# How can you get angry at a face like that?



## Chappy (Apr 21, 2010)

Evil dog!!!! The other 5 rolls in the pack fared the same fate  One even ended up in a full water dish.......but just look at that face :bigsmile:


----------



## effox (Apr 21, 2010)

lol... What a butt head!


----------



## gklaw (May 31, 2010)

Don't get angry. He/she is probably trying to figure out how to use toilet paper like the cute little bear the TV commercial :lol:


----------



## Casey8 (Nov 1, 2011)

Of course for having this face and look, he can do anything he wants


----------



## arash53 (Aug 13, 2011)

No one can!


----------



## onefishtwofish (Apr 21, 2010)

if i were ember i would tell you that i heard you sneezing in other room and i tried to get out 1 roll and bring it to you and say god bless you but being a poor helpless dog i had some technical difficulties getting it out of that tight wrapping. I worked so hard to get it out i worked up an immense thirst. as luck would have it instead of putting it down beside the dish while i drank i dropped it in the dish................ I was mortified. i Immediately set out to remedy the situation by retrieving the last available roll so I could deliver it to you as soon as possible in case you had snot all over your face from sneezing.


----------



## Chappy (Apr 21, 2010)

onefishtwofish said:


> if i were ember i would tell you that i heard you sneezing in other room and i tried to get out 1 roll and bring it to you and say god bless you but being a poor helpless dog i had some technical difficulties getting it out of that tight wrapping. I worked so hard to get it out i worked up an immense thirst. as luck would have it instead of putting it down beside the dish while i drank i dropped it in the dish................ I was mortified. i Immediately set out to remedy the situation by retrieving the last available roll so I could deliver it to you as soon as possible in case you had snot all over your face from sneezing.

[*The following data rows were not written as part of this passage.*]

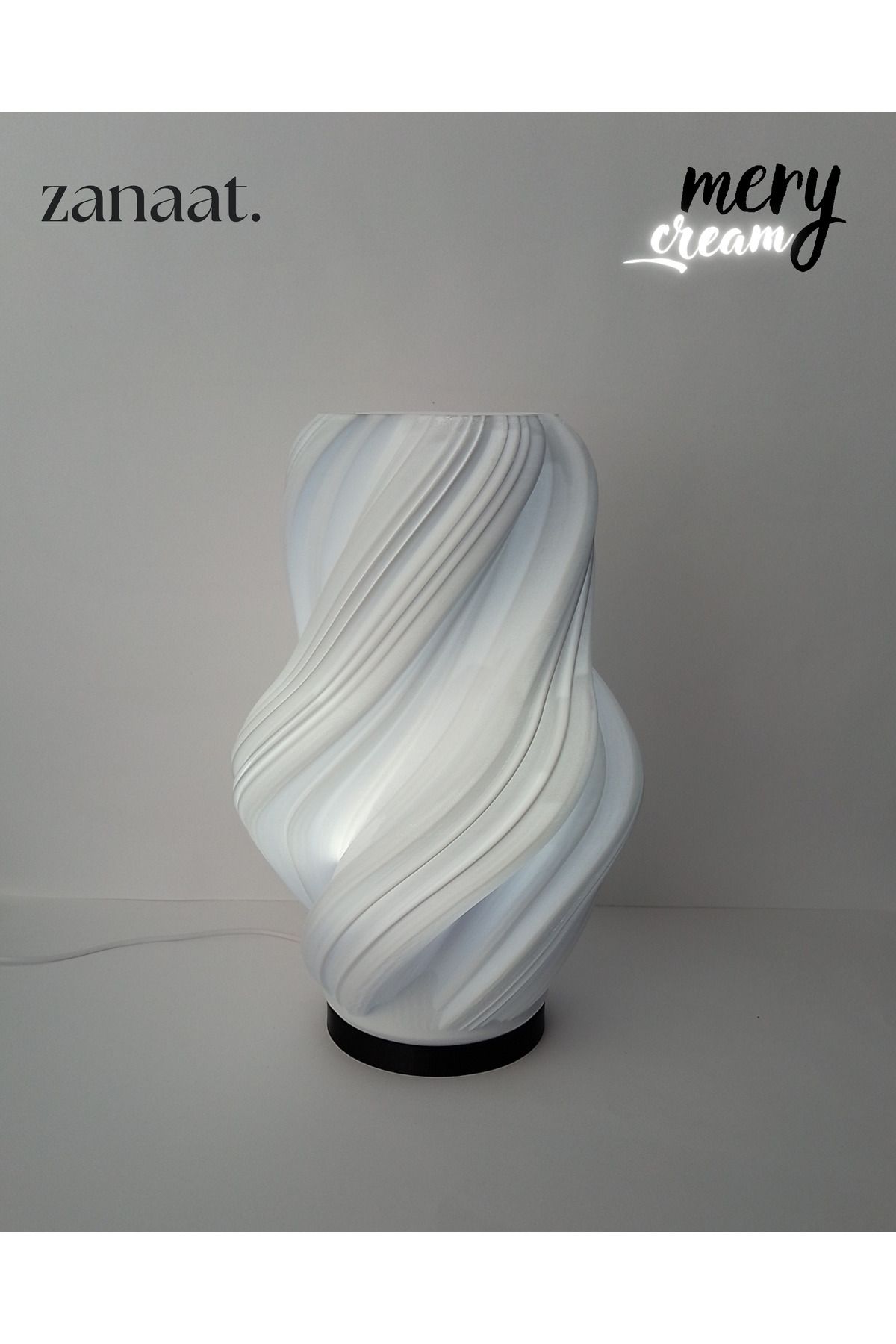 Zanaat Özel Üretim Mery Cream Abajür & Masa Lambası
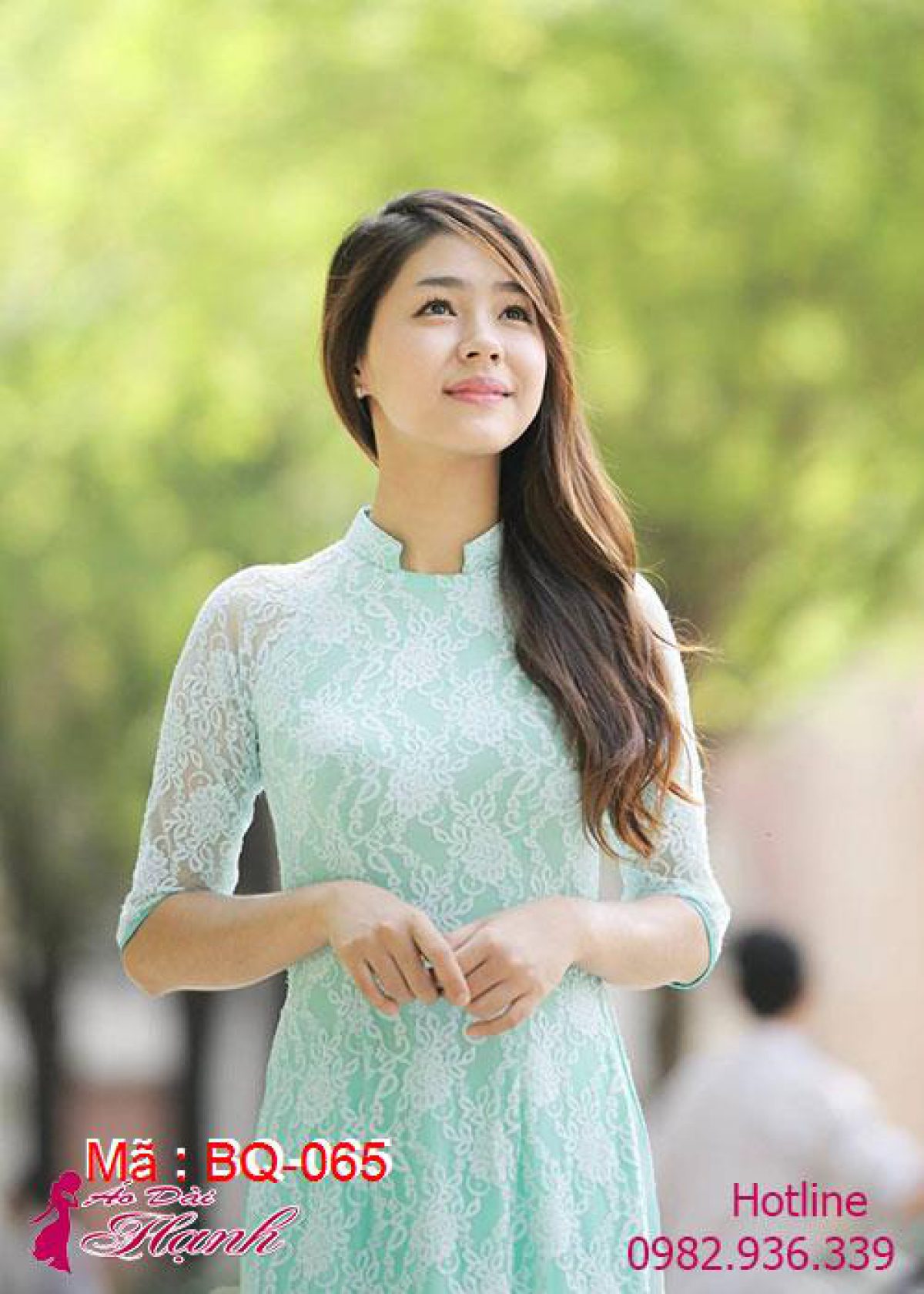 Áo Dài Xanh Ngọc Ren Hoa Cổ Vuông Hở Tay Lỡ Lót Ngực - Áo Dài Hạnh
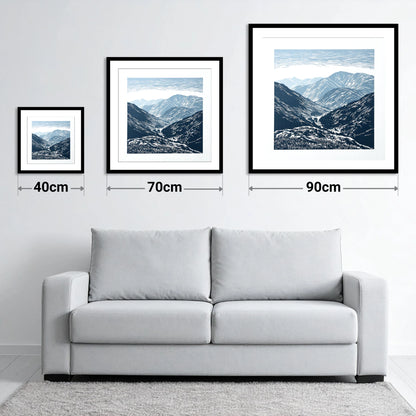 Blue Valley From The Summit - size guide showing 40cm, 70cm and 90cm art prints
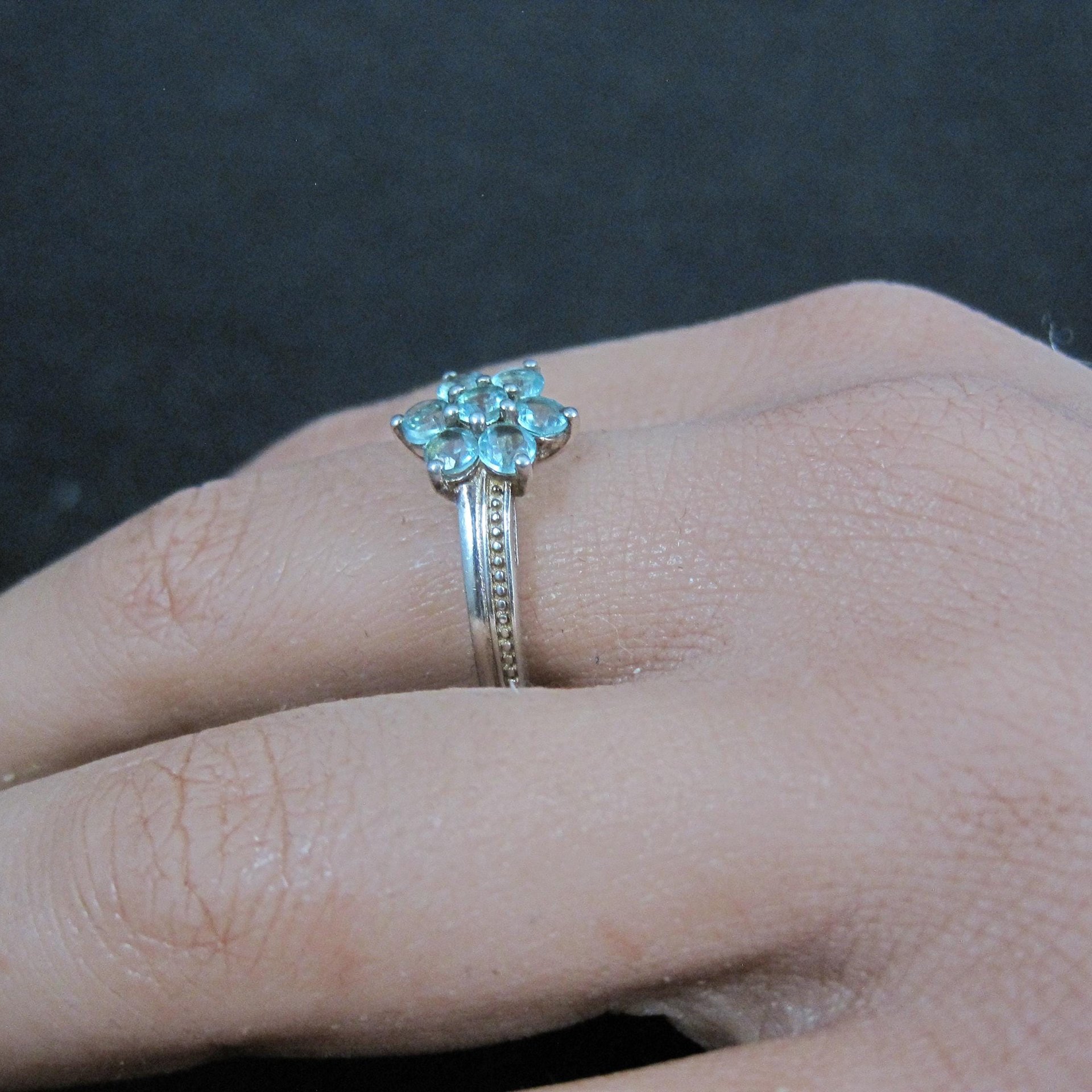 Sterling Silver Blue Tourmaline Ring Size 8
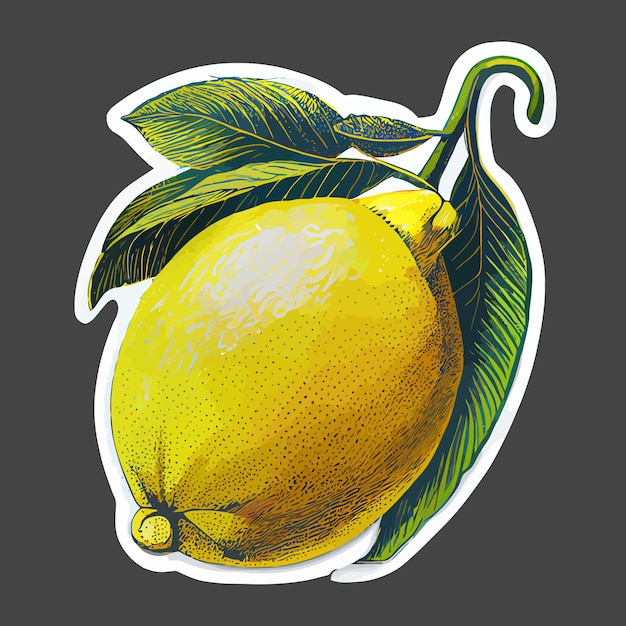 lindo limón fruta pegatina colorido illustrartion cítricos vector diseño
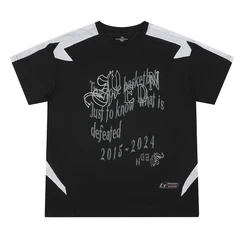 T-shirty z Graffiti dla mężczyzn wycięcie pod szyją krótkie rękawy oddychające lato T Shirt modne oversize odzież męska koszulki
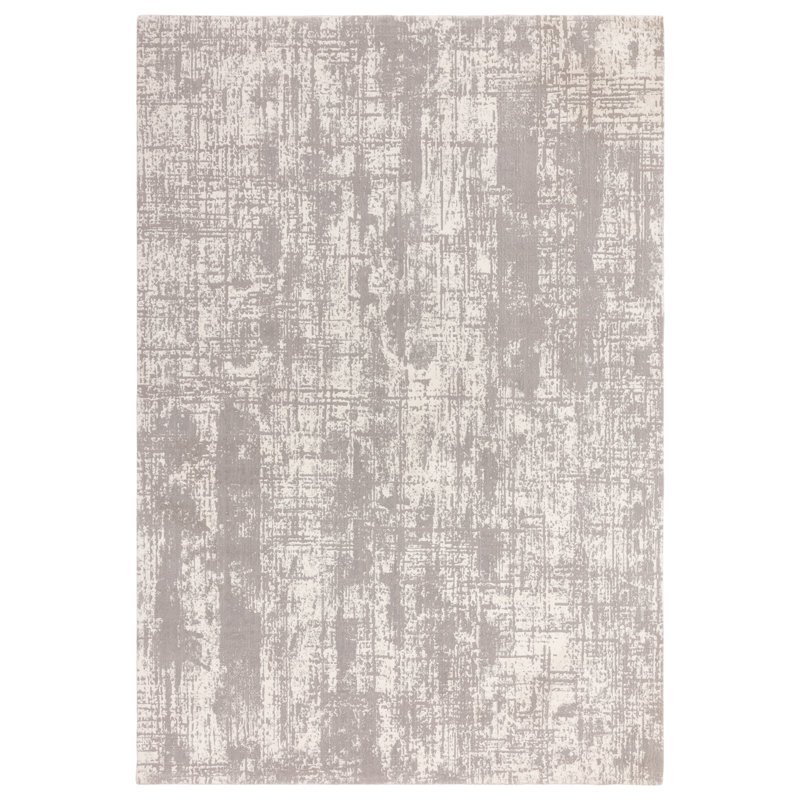 Abrienne Soft Shiny Modern Grey/White Rug, Rectangle 160 x 230cm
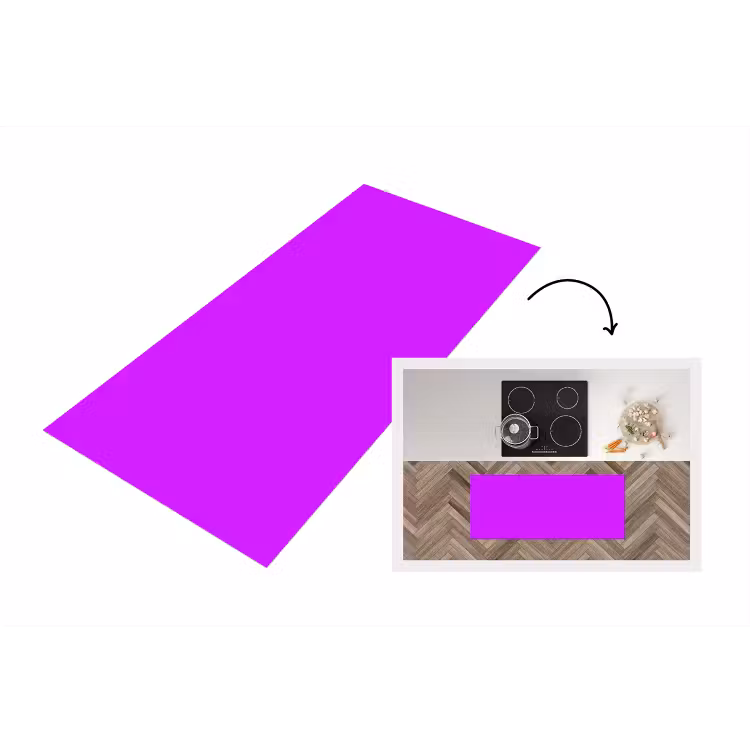 Neon - Orchid - Paars Keukenloper - keukenmat middel 536 -3d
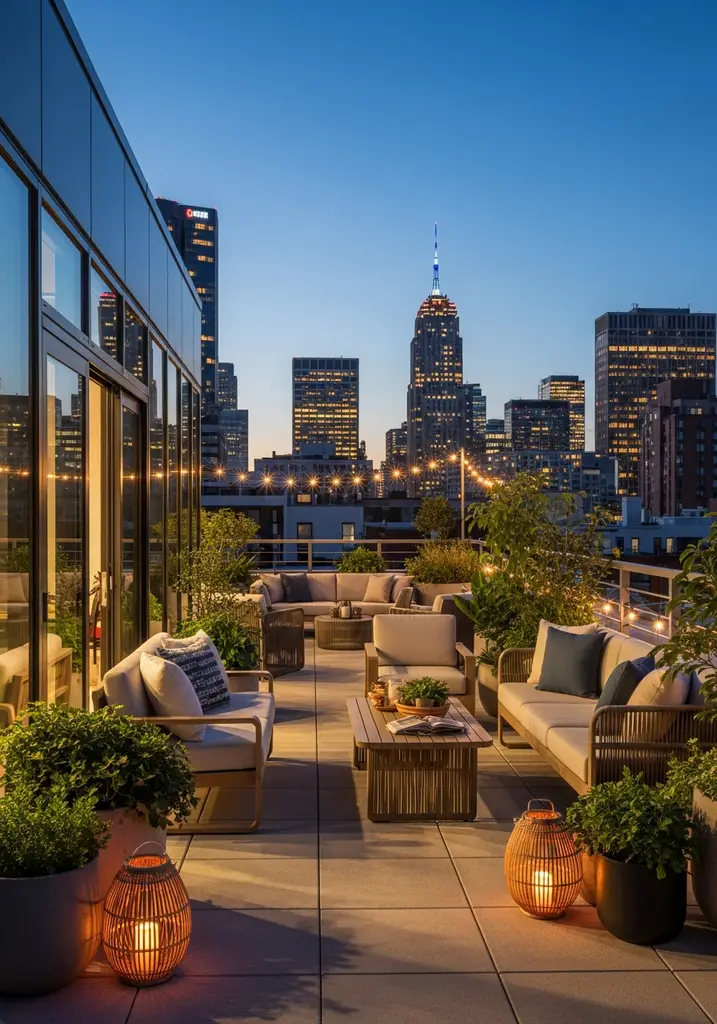 Urban rooftop terrace with planters and city views.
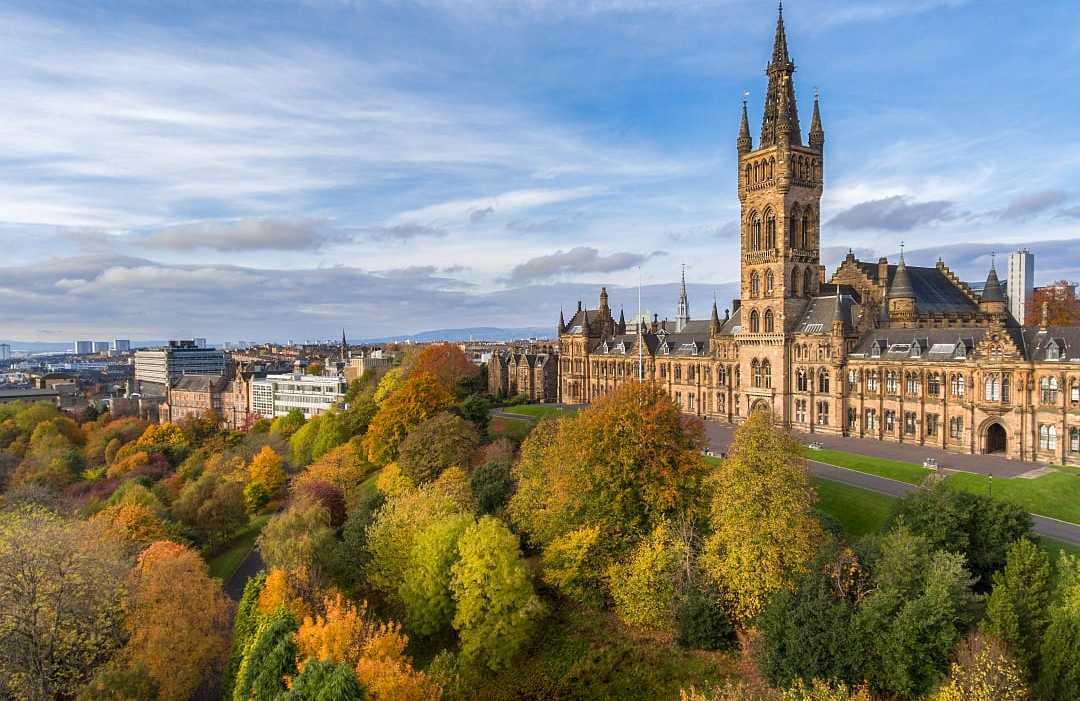 Kelvingrove Park and Glasgow University in Scotland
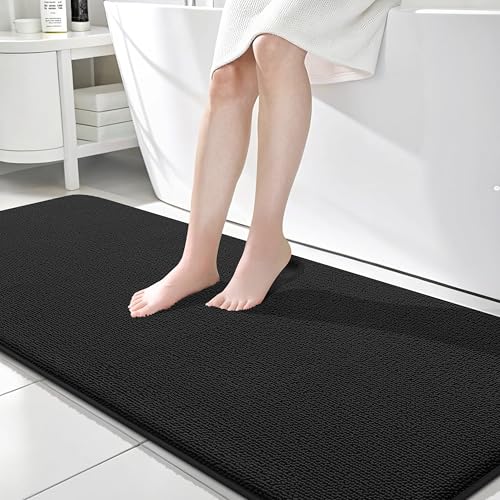 Image of OLANLY Thick Memory Foam Bathroom Runner Rugs 70x24, Extra Soft Absorbent Long Bath Rug, Quick Dry Bath Mats, Non-Slip, Machine Washable Mat for Bathroom, Tub and Shower, Home Decor Accessories, Black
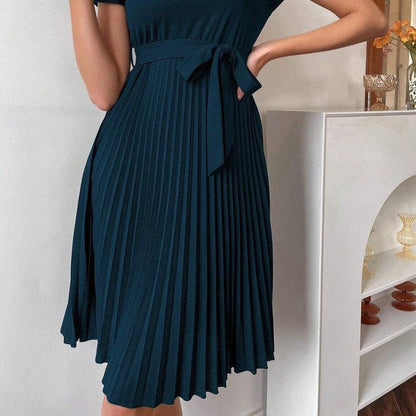 Cheky - Solid Color Belt Pleated Batwing Sleeve Women Long Dress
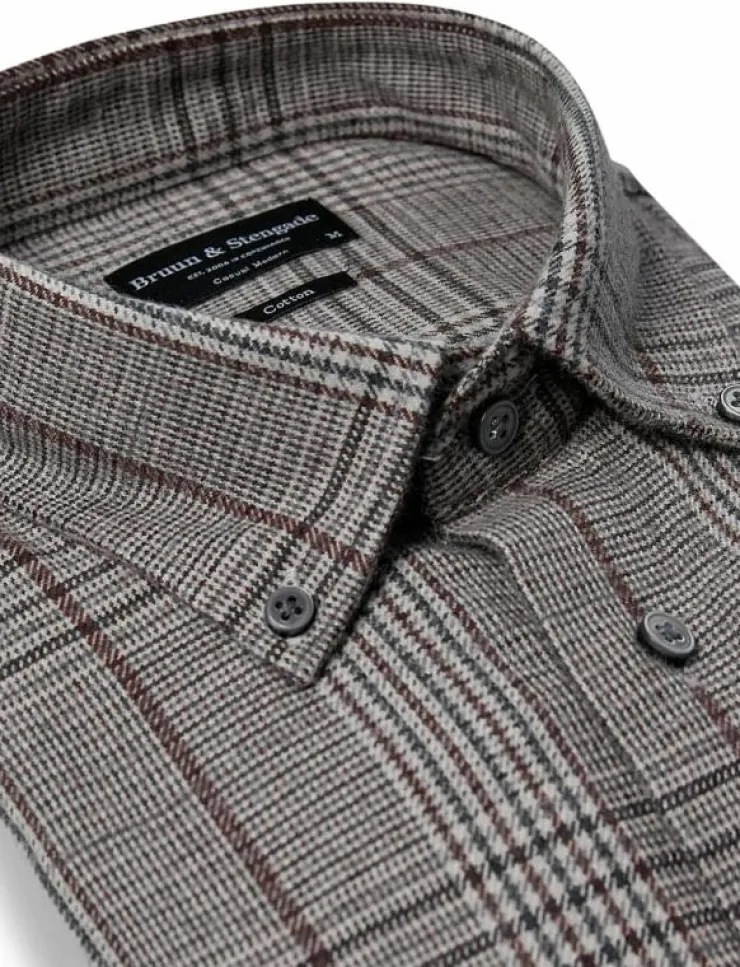 Bruun & Stengade Skjortor|BS Tazul Casual Modern Fit Shirt - Rutiga skjortor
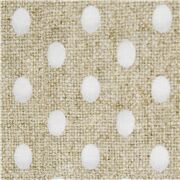Tissu coton avec des &oelig;ufs de poule blancs sur fond de toile jute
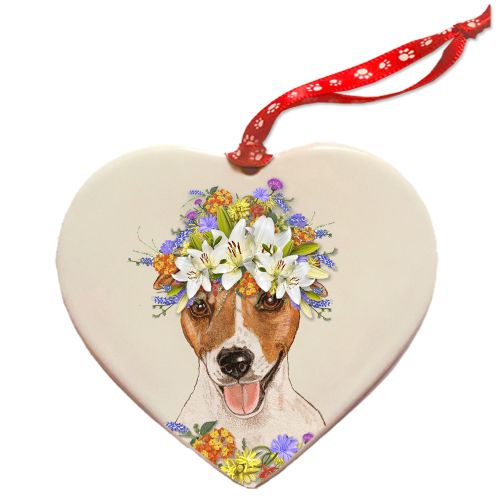 Jack Russell Terrier Dog Porcelain Floral Heart Shaped Ornament Décor Pet Gift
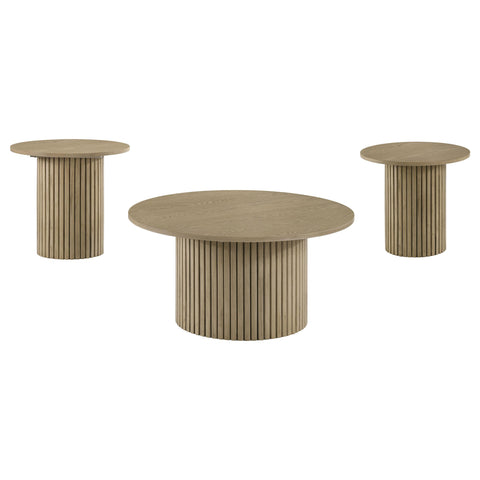 Dobrev 3-piece Round Fluted Coffee and End Table Set Natural Oak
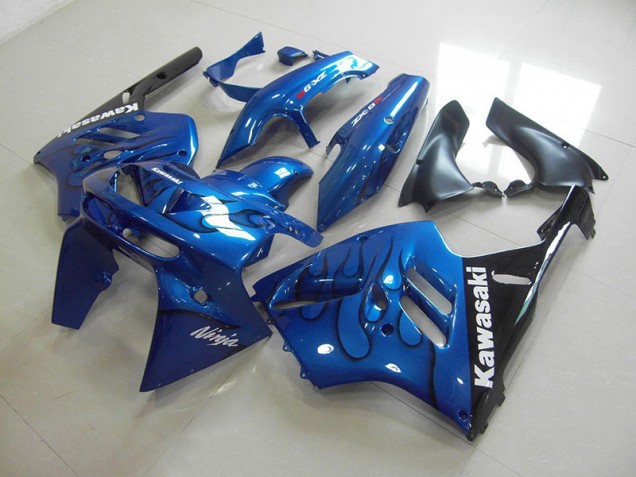 Carénages Kawasaki ZX9R 1994-1997 - Bleu Noir Flamme Bon Marché Carénages Kawasaki ZX9R 1994-1997 - Bleu Noir Flamme Bon Marché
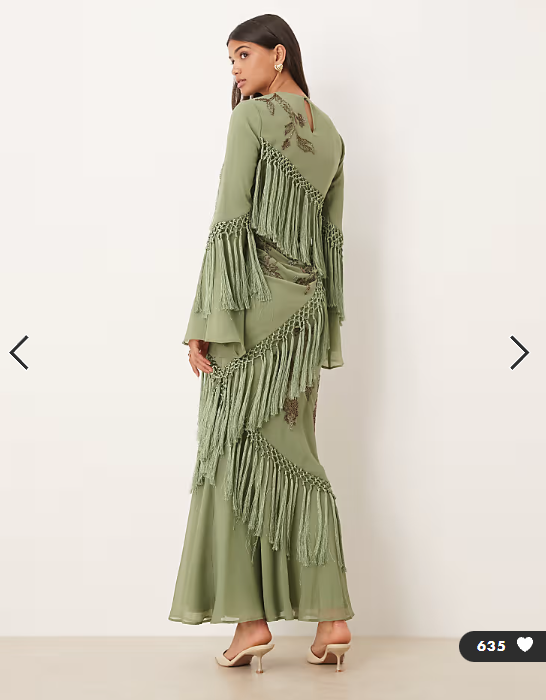 ASOS DESIGN long sleeve floral embellished maxi dress with draped fringing in light khaki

Yeah, thanks for that Kathie  You should see what the mermaid does with the papertowels  I couldn't get over the fact that even when I caught her, she still held onto the roll long enough for me to go get the camera, start it up, get her into focus and take the picture..... She's got personality in her, I'll give her that


----------



## Chappy (Apr 21, 2010)

effox said:


> lol... What a butt head!


Ooooooooohhhh, painful pun, Chris


----------



## April (Apr 21, 2010)

Well for an old special needs dog...I'd say she still has spunk!
Send her to the store to get more!

---
I am here: http://maps.google.com/maps?ll=49.275161,-122.835507


----------



## chimdon (Oct 2, 2011)

Aww..that's adorable. What kind of breed or mix is she?


----------



## Gregzz4 (Jun 25, 2010)

That's a great shot.
Gotta go?


----------



## Trouble (Apr 27, 2010)

*Maybe she is just telling you that you don't wipe enough. I bet she is trying to as you if you fold or scrunch. Bawhahahahahahahahaha*


----------



## Gregzz4 (Jun 25, 2010)

Trouble said:


> *Maybe she is just telling you that you don't wipe enough. I bet she is trying to as you if you fold or scrunch. Bawhahahahahahahahaha*


Hence the user name


----------